Monty’s new episodes began airing Feb. 13, the Dobsons’ on Feb. 22.

“You know,”said Jerome Dobson at the couple’s office at NBC’s Burbank studios, “this is pure speculation--no one here has said anything--but maybe it’s not just coincidence that (our legal) things were settled when it turned out Gloria was coming back to ‘General Hospital.’ Maybe NBC wanted to see about getting ‘Santa Barbara’s’ ratings up. The people we were suing are now the people we’re dancing with. Welcome to Hollywood.”

The Dobsons are legally forbidden to discuss details of their settlement, but say they came back to a warm reception, having kept in touch with many of the cast during their forced hiatus. Neither they nor Monty watched their respective shows while away, so the first order of business for all was catching up on characters and plot lines.

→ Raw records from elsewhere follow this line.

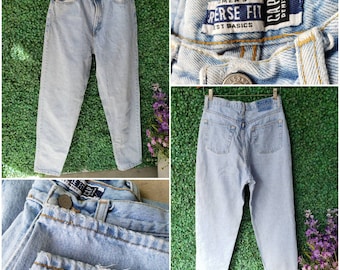 90s Gap Jeans, Vintage High Waisted, Tapered, Light Wash, Non-stretch Denim, 10 Long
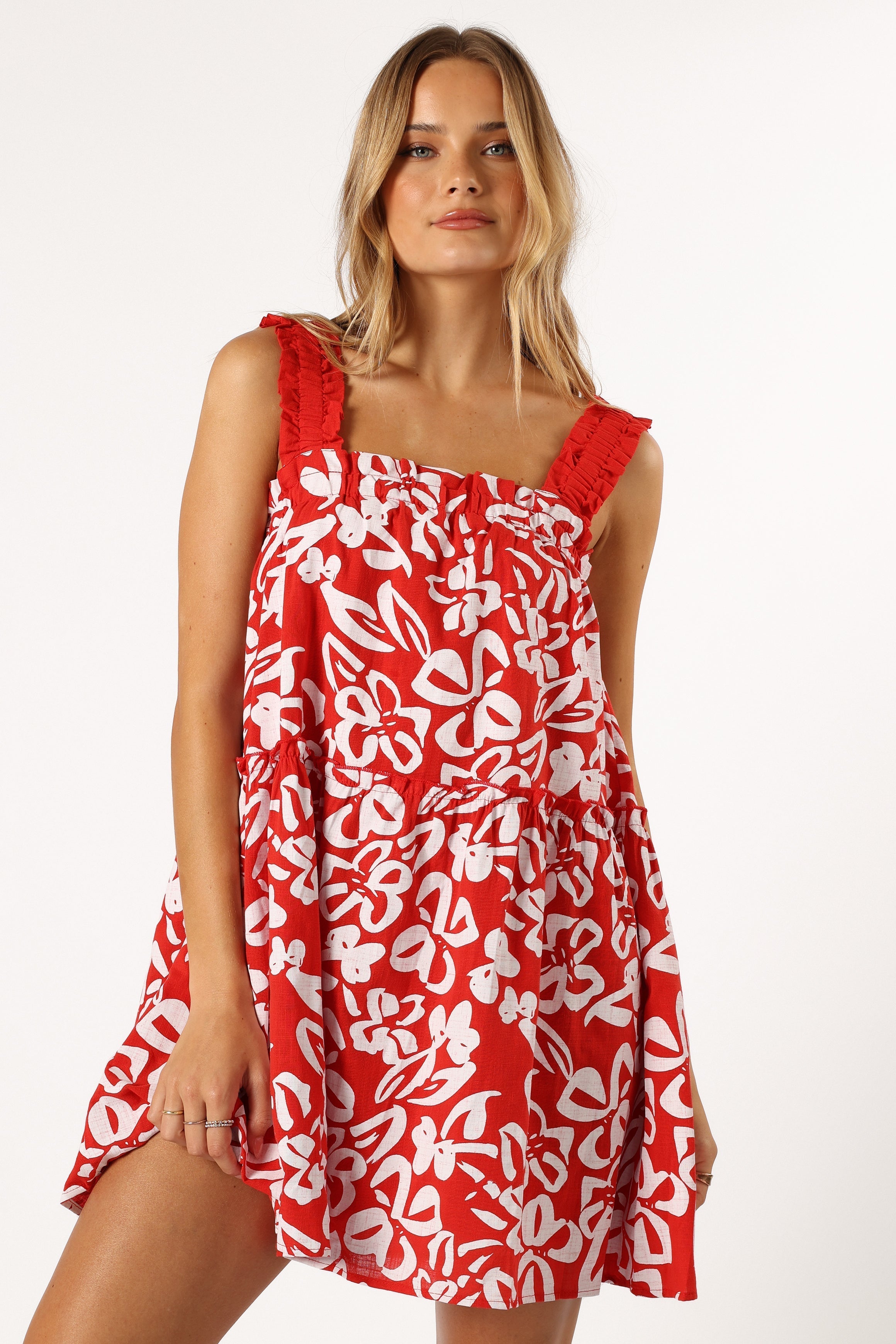 Elena Mini Dress - Red Floral-Aur Fashion
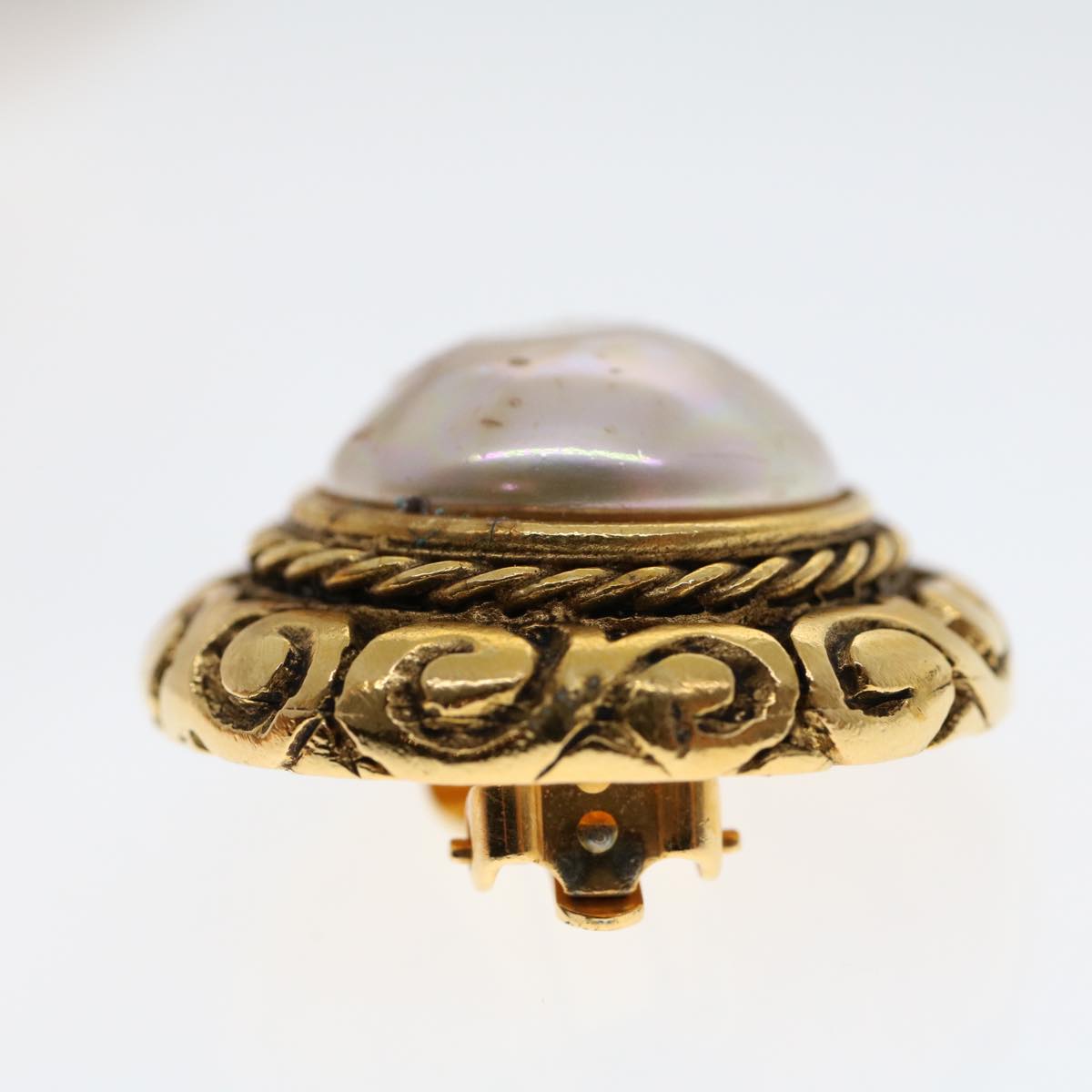 CHANEL Earring Gold Tone CC ar9892B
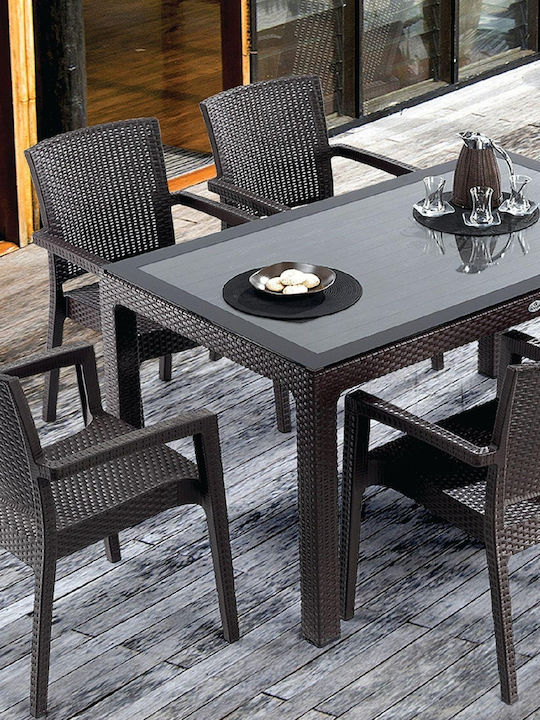 Σετ Τραπεζαρίας Εξωτερικού Χώρου Rattan 135x80x75 Καφέ 5τμχ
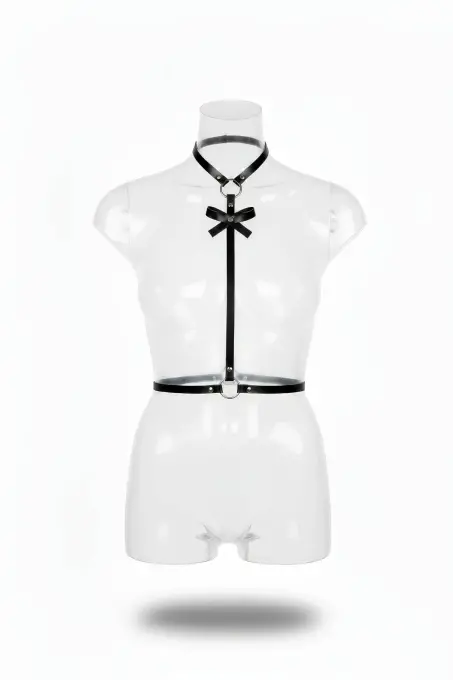 Siyah Kadın Kemer Fiyonk Detaylı Harness Boyunluk - APFT127 - 1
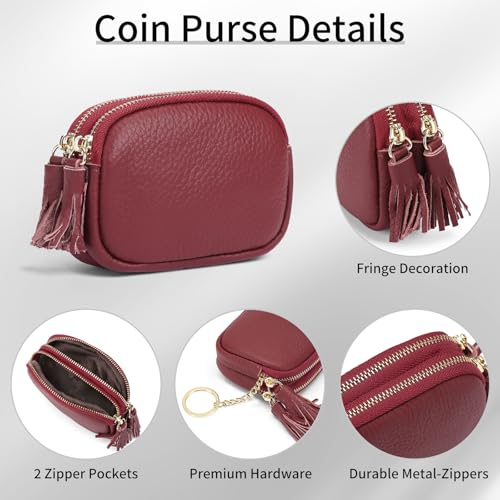 SENDEFN Coin Purse Keychain Small Genuine Leather Women Wallet 2 Zippers Around Key Ring Change Pouch Cash Holder - color: 3-Red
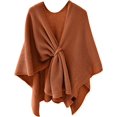 thumbnail image 1 of LinYooLi Poncho Cape Élégant pour Femmes - Croisé devant Couleur Unie - Cardigan Tricoté, 1 of 5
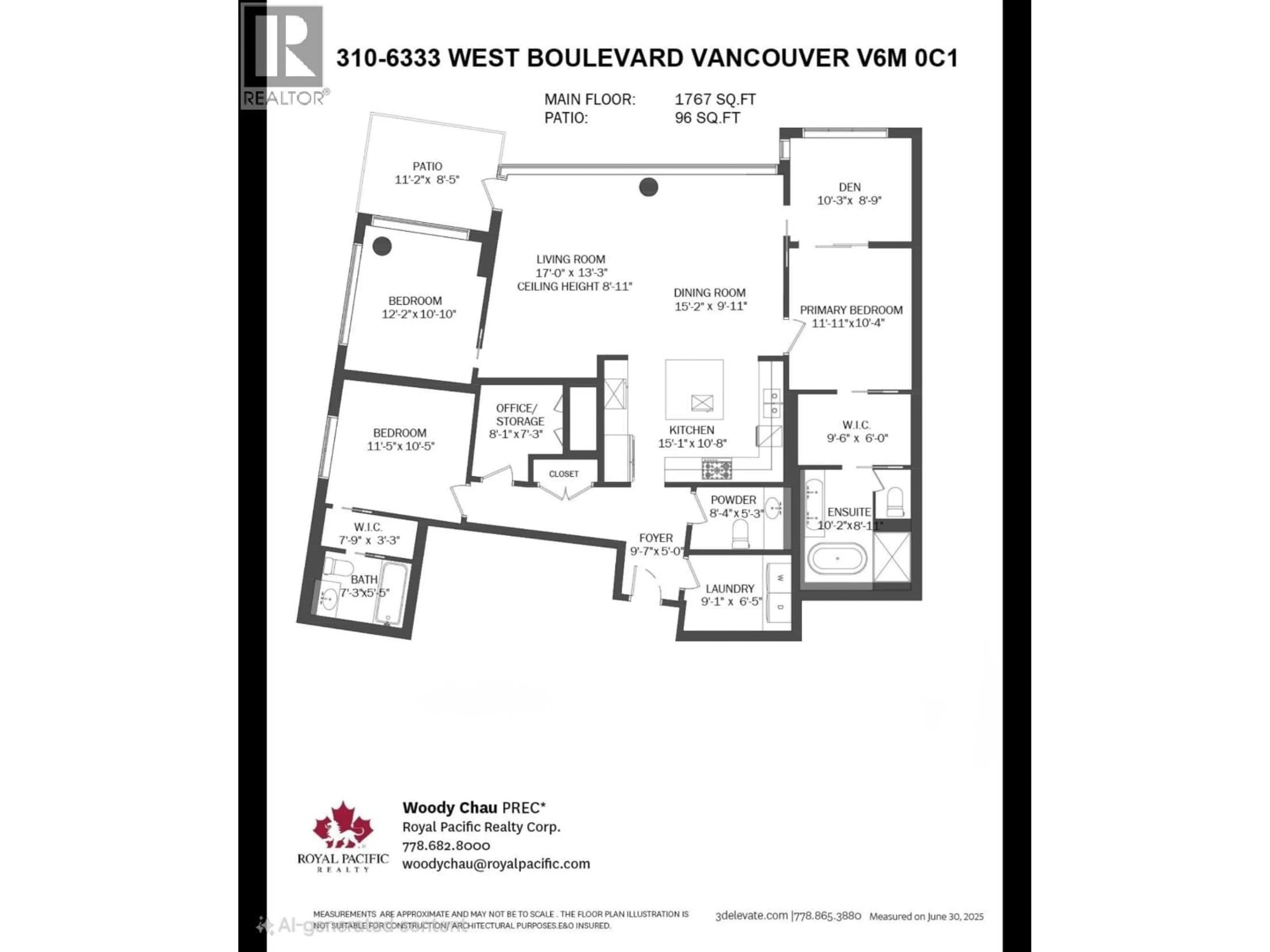 Floor plan for 310 - 6333 BOULEVARD, Vancouver British Columbia V6M0C1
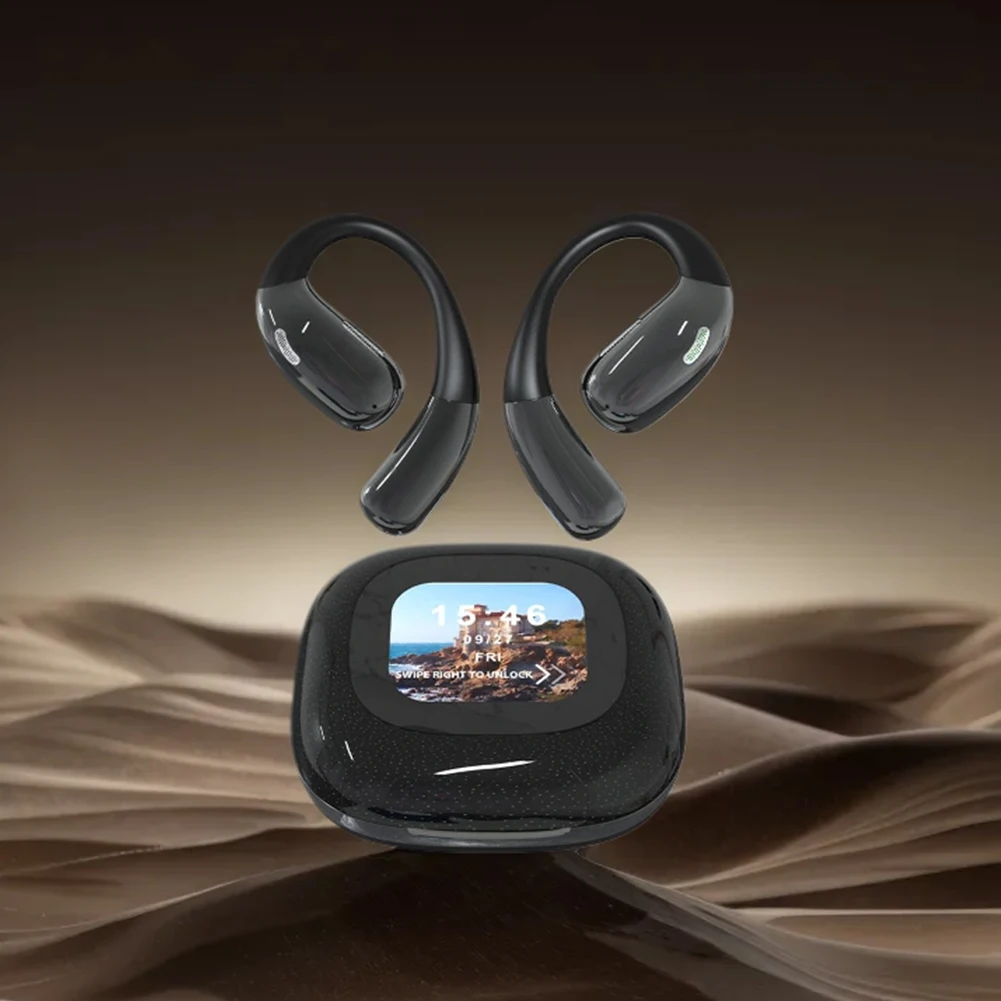 Wireless Headphones Bluetooth-Compatible 5.3 Noise Cancelling Open Ear Headphones Touch Color Screen for Running Driving Working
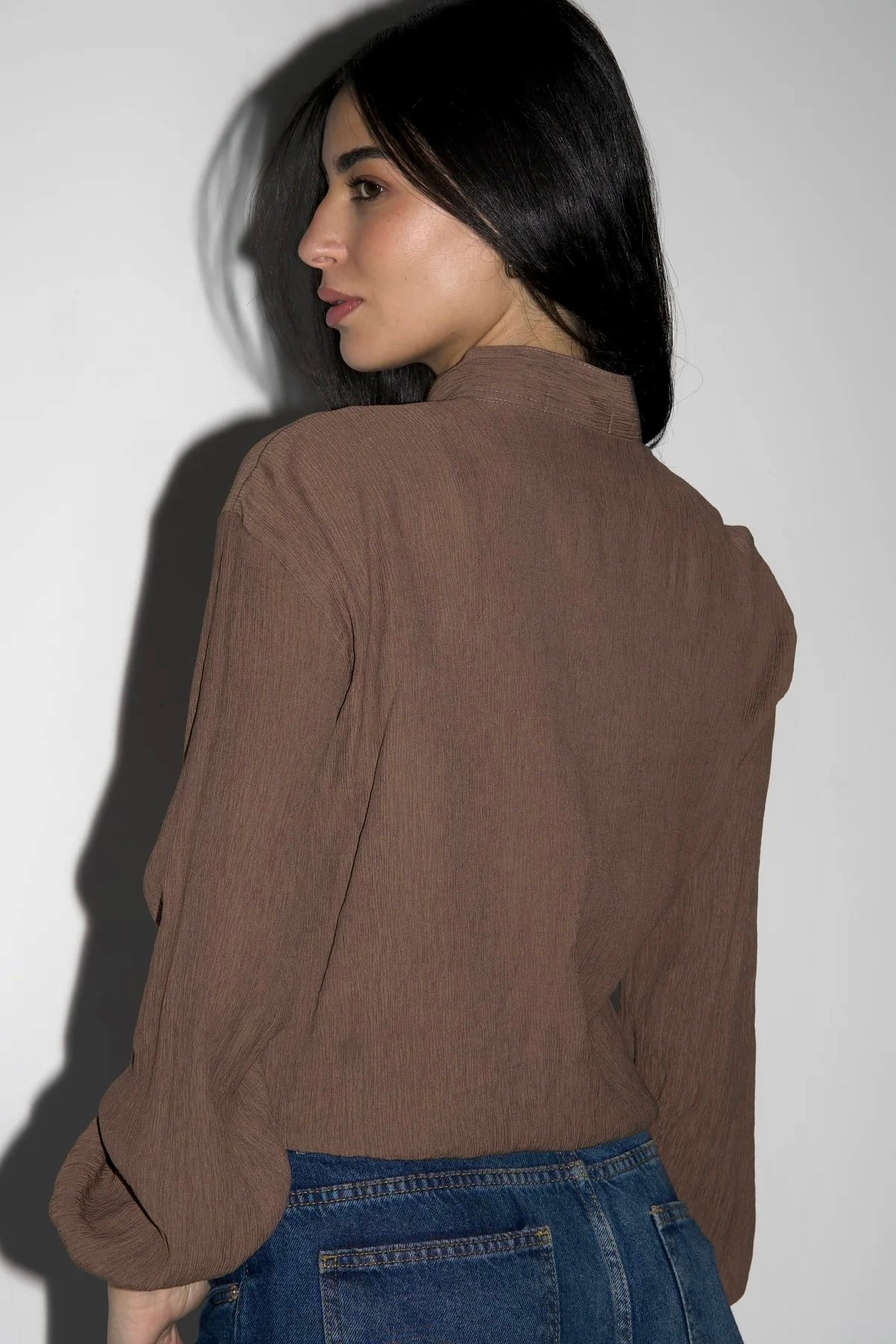 Mandarin Top in brown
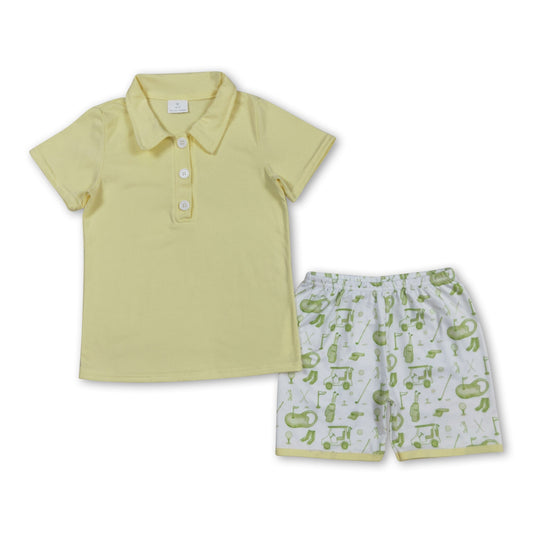 Short sleeves yellow pocket top golf shorts boys clothes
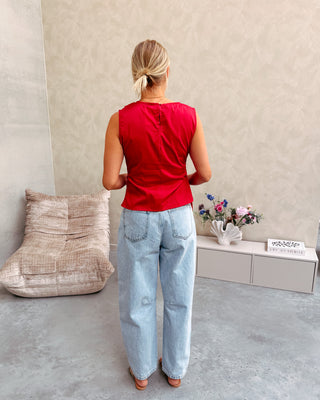 GRACE BOW TOP - RED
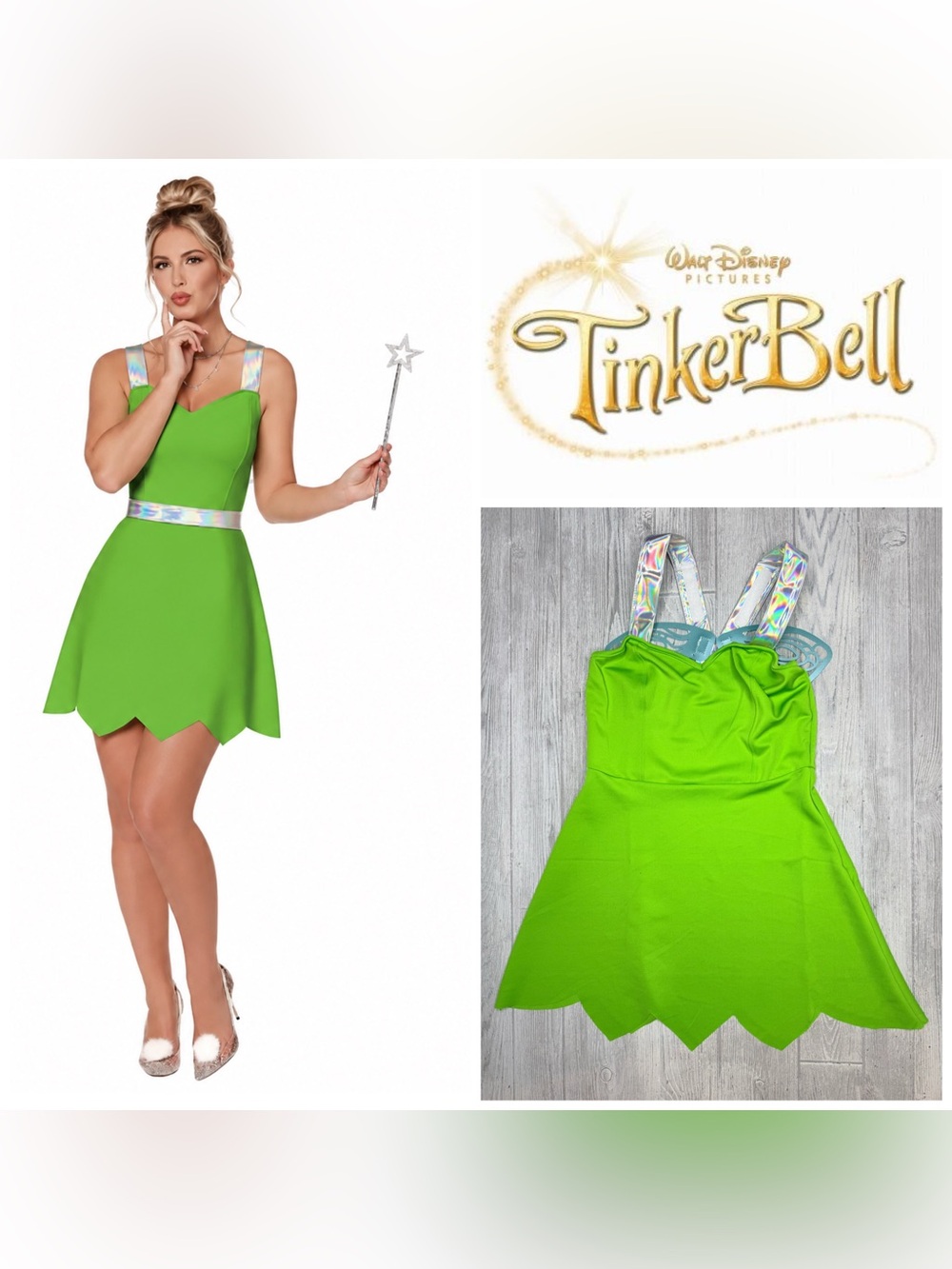 Disney tinker belle Peterpan Halloween costume dress with belt large cosplay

“The vision of the show had gone a little askew,” Bridget said. “It had become much more ordinary. Emotionally, it was quite dark, and quite violent--there were rapes and murders. We were surprised to see our characters in that (mood), because we’ve always shied away from it. And the characters had stood still, they hadn’t grown. The show had become more plot-oriented, whereas it will now be more emotion-oriented.”

Accordingly, the Dobsons immediately set about putting back on track the character they felt had gone most astray, Mason Capwell (former “Dynasty” star Gordon Thomson). “He had lost what had driven him psychologically: his competition with his father, the love-hate he feels,” according to Bridget. In the Dobsons’ opening episodes, therefore, Mason put his mother and stepmother on trial over a family dinner, resulting in a vehement confrontation with his father.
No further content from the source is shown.